Thanking donors is a private act. It is between the donor and the organization. Recognizing donors is public, and because it is public you need to be absolutely sure you adhere to a donor’s wishes when you do it.
Obviously, you don’t publicly recognize a donor who has requested anonymity. But just how publicly does the donor want to be recognized? Does he wants his name ballyhooed from one end of town to the other, or would she prefer a discrete listing in the annual report?
Issue press releases when major gifts are received and be sure to cite both the importance of the gift and the generosity and leadership of the giver.
Another way to recognize a donor is to have naming opportunities. They can work well, but be careful that you don’t cheapen them. If every physical asset of an organization ends up with a name attached to it, the result is to lessen the value of truly significant naming opportunities.
Putting donors names on a wall in the lobby of a building is another way to recognize them. It seems obvious to me that a donor whose name is visible in the building is going to feel a greater sense of connection with that organization.

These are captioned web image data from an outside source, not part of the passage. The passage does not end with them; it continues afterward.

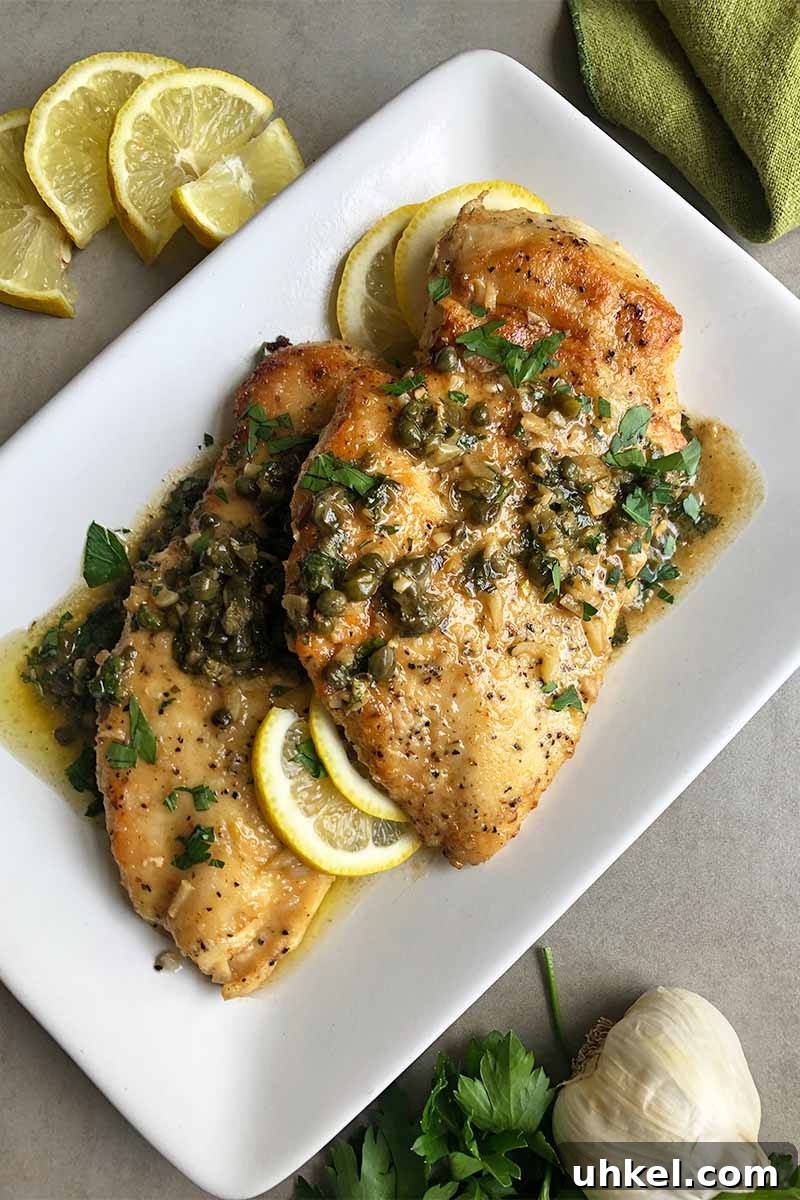 Classic Chicken Piccata with Lemon Butter Sauce Recipe 3 Vertical image of a white plate with cooked poultry pieces covered in a citrus and caper sauce next to whole garlic and lemon wedges.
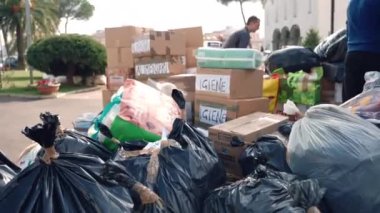 ROME, ITALY - 10 Mart 2022: Kapalı siyah paketler ve karton kutularla yapıştırılmış kağıt çarşaf ve yazılı gıda ve hijyen ürünleri, Roma 'daki Aziz Sophia Kilisesi Derneği insani yardım hazırlığı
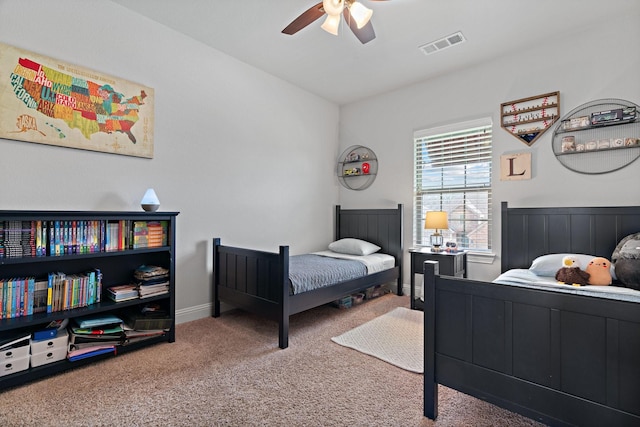 carpeted bedroom with visible vents and a ceiling fan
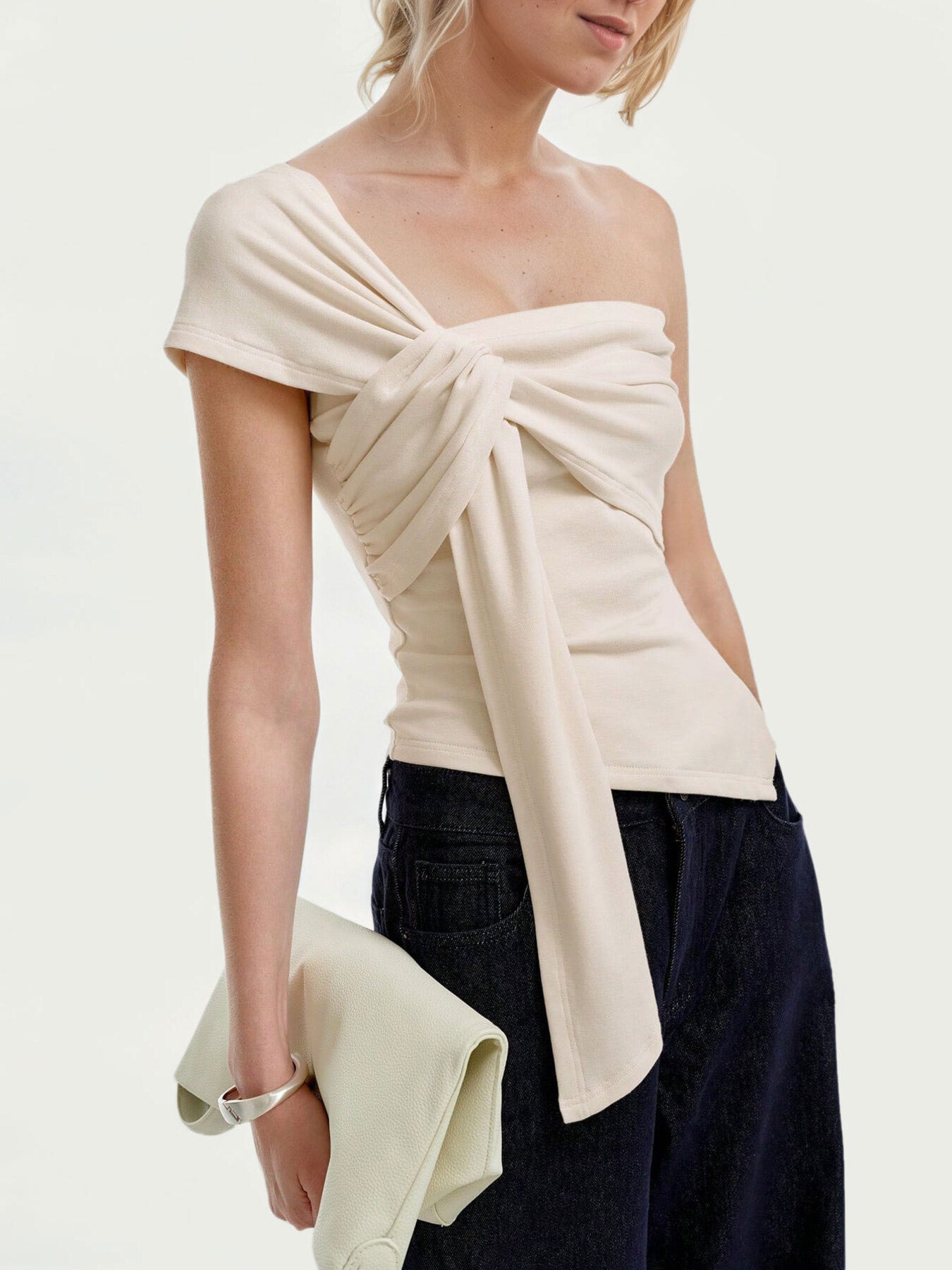 Beige asymmetrical t-shirt with knot detail and ruched sides, styled with dark denim.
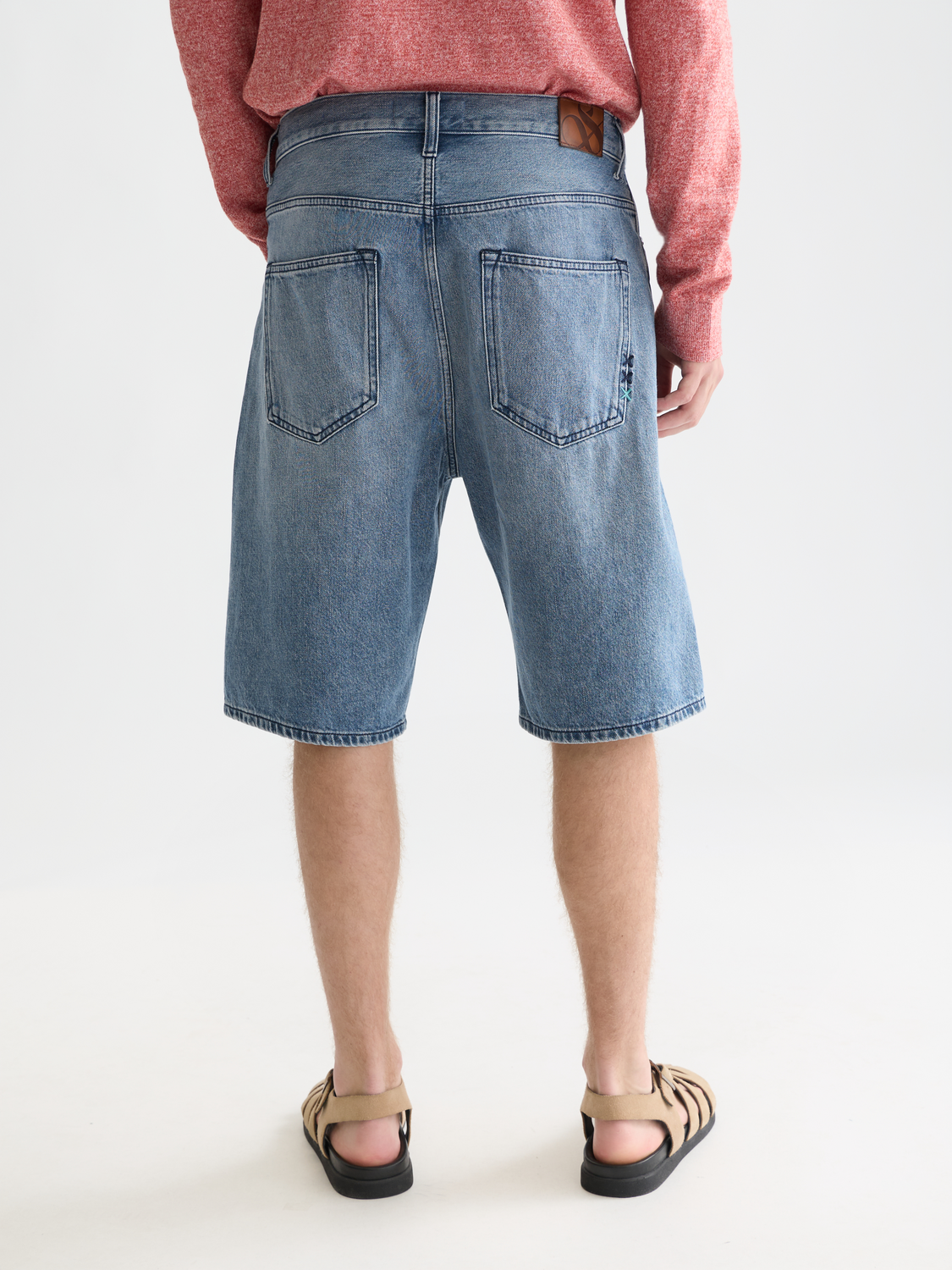 Back view of Scotch & Soda denim pitch loose-fit shorts with distressed details and rolled hems on model.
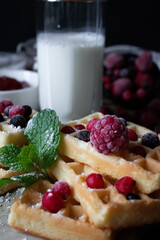 Hungarian waffles with berries on a wooden background. Breakfast. Dessert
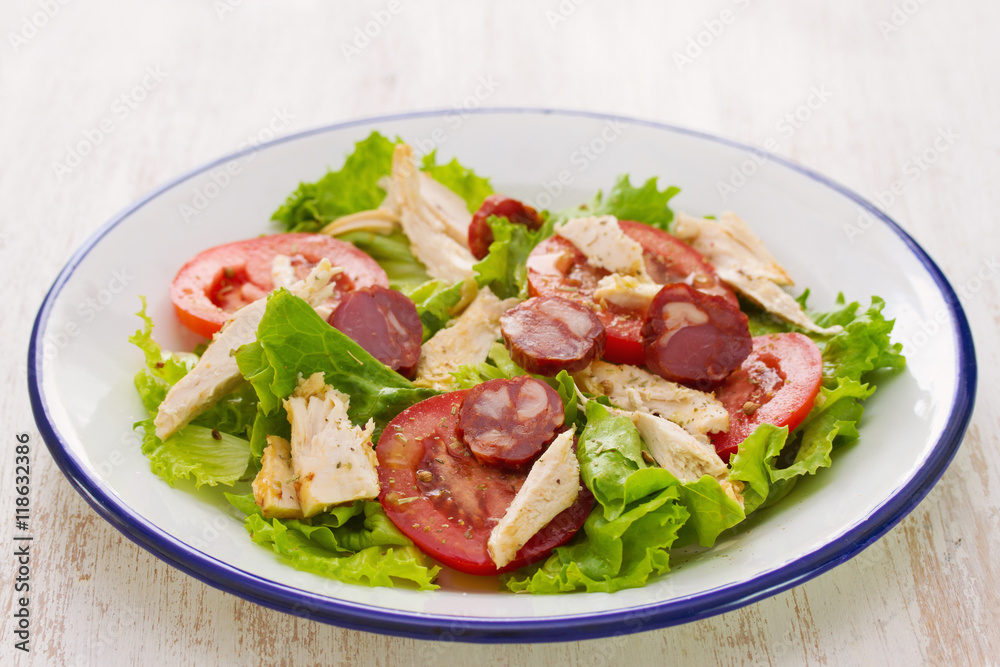 fresh salad with chicken and chourico on white dish on white wooden background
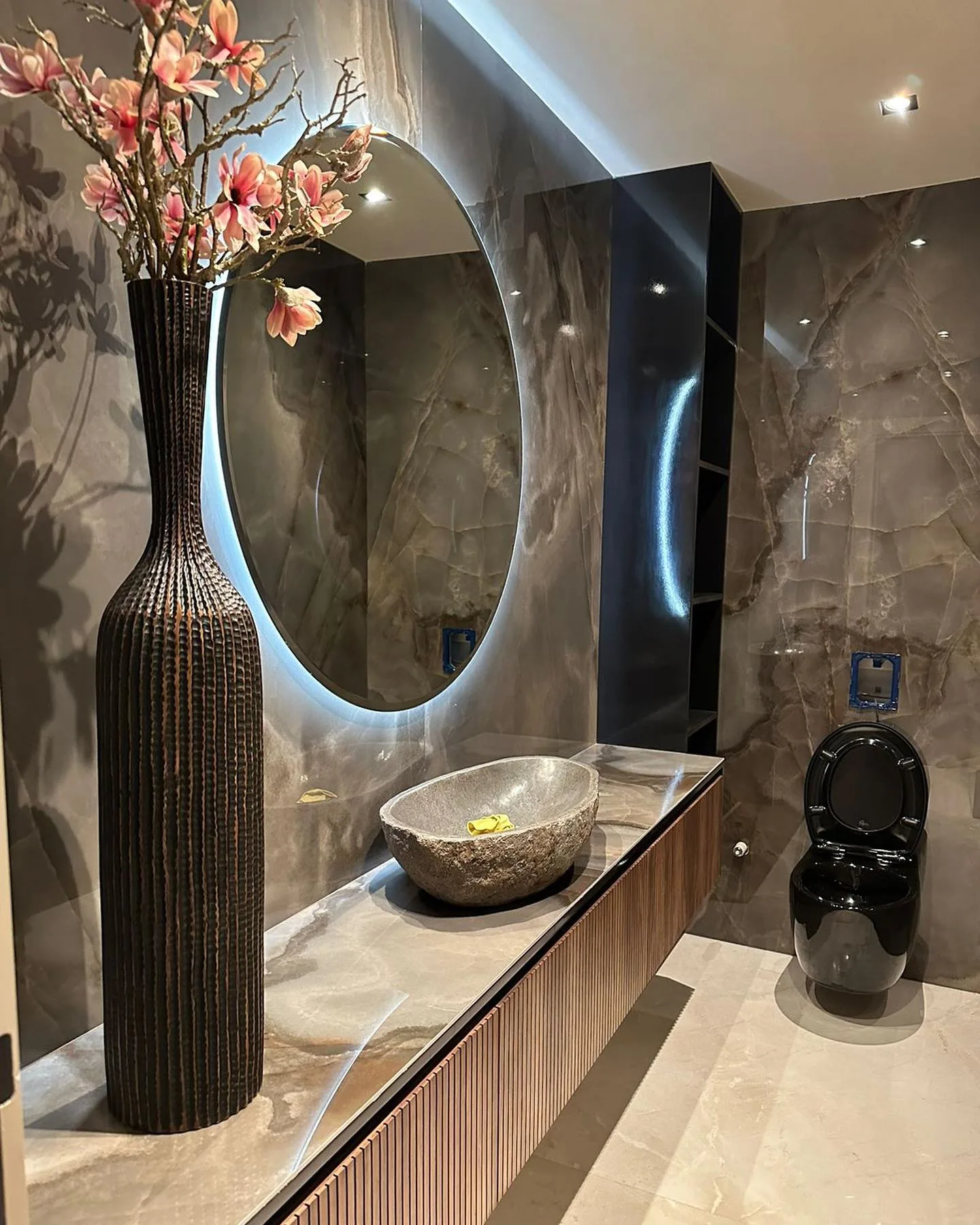 Meuble vasque en bois cannelé avec vasque en pierre et miroir rond éclairé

Recognize donors in your newsletter. Make absolutely sure that a donor is recognized in the annual report and that all gifts are accounted for. Remember to include the charitable portion of tickets to benefit events. Include a donor recognition component in your annual meeting.
Finally, establish a donor recognition program. Don’t let recognizing donors be an afterthought. If you are a one-person shop, give it a priority in your lists of tasks and develop a written program of what you will do. If you have a larger development operation, assign responsibility for donor recognition to someone. Donor recognition is a process. Manage it.